Partilhou quarto com Martim Bello (2.º linha do Cascais). Engenheiro numa empresa de instalação de piscinas, não está a trabalhar, nem vai fazê-lo tão pouco enquanto continuar ao serviço da seleção nacional. 

“Tem sido uma experiência nova”, explica. “Foi feita uma requisição do Estado” informa Granate, 32 vezes internacional por Portugal. Esta é a forma encontrada para possibilitar a todos os que não fazem do râguebi vida profissional possam seguir caminho até ao Mundial. “Temos de agradecer às empresas que nos deixam vir representar a seleção. Na minha empresa, o Miguel Maurício Bento foi ex-jogador e foi fácil convencer”, revela.  

A conversa com o SAPO 24, decorreu no dia seguinte aos lobos terem aproveitado um dia de folga para, em conjunto, irem à praia. “Comemos um peixinho (a Mónica deixou) e um gelado (já não deve ter gostado tanto). Fomos todos juntos”, anunciou. “É um desporto em que é importante a parte social e estar juntos fora e dentro de campo”, frisou. “Não houve choque na praia de ver os jogadores mais pesados a jogar vólei e fazer coisas que não fazemos”, deixou cair uma gargalhada. 

“Fizemos alguns programas. É normal em grupos de quase 40 jogadores, nós íamos a casa e os franceses ficavam juntos”, revelou referindo-se à primeira reunião social dos lobos luso-franceses. “Isto é um processo que tem quatro anos, sempre nos demos uns com os outros. O único que entrou foi o Joriz e já se entrosou no grupo. Eles já falam português e nós francês”, confessou. 

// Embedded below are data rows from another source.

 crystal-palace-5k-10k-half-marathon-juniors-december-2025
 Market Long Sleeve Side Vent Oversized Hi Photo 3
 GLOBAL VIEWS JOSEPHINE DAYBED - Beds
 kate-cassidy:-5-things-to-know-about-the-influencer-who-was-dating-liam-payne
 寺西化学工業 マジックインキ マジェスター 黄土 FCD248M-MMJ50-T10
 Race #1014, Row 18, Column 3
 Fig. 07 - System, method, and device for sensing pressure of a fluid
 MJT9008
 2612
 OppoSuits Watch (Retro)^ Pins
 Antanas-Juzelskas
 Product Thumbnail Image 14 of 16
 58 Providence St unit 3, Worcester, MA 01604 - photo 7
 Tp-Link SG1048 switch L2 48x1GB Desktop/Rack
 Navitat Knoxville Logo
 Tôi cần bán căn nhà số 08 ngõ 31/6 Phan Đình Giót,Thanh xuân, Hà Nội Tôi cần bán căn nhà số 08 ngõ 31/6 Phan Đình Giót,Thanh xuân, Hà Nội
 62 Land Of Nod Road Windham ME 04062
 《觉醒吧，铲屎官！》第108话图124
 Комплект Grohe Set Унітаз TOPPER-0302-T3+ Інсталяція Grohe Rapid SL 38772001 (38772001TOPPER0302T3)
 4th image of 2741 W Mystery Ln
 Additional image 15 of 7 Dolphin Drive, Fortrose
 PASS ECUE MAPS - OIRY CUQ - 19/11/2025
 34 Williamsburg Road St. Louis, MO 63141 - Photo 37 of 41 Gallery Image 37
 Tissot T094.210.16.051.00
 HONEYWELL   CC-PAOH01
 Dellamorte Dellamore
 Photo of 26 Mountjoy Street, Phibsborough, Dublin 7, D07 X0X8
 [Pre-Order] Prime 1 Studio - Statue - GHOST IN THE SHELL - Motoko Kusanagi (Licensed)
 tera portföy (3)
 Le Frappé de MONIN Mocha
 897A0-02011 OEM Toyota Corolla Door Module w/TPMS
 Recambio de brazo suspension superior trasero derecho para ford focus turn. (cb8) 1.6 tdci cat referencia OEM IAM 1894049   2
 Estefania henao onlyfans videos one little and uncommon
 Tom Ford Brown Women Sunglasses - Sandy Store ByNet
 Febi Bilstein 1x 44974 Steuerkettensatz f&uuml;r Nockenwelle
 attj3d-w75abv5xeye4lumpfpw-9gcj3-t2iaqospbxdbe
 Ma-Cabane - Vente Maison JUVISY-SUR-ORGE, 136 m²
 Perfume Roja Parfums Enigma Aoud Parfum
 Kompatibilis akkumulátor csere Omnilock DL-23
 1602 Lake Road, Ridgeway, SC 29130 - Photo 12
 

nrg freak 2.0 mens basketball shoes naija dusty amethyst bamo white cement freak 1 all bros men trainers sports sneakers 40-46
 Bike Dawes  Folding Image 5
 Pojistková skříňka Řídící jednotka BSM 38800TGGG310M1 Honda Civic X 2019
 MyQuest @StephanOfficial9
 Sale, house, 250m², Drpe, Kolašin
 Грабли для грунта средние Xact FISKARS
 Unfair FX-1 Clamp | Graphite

O tic-tac acelera à medida que se aproxima o momento de escutar o hino nacional, a 8 de setembro. 

Granate sabe que a seleção portuguesa chamará a si uma dose não habitual de mediatismo. Por ser a única nação representada por (alguns) jogadores amadores e por o Mundial se realizar em França, país onde a diáspora portuguesa criará uma enorme mancha de apoio. “É novo no nosso râguebi. Vai ser uma adaptação”, reconhece. 

A novidade que não causa medos. “Só ajuda a trazer ao de cima a nossa história e nosso râguebi, apresentá-lo ao resto do mundo e fazer com que o râguebi em Portugal cresça”, finalizou. Tal como em 2007. Em França.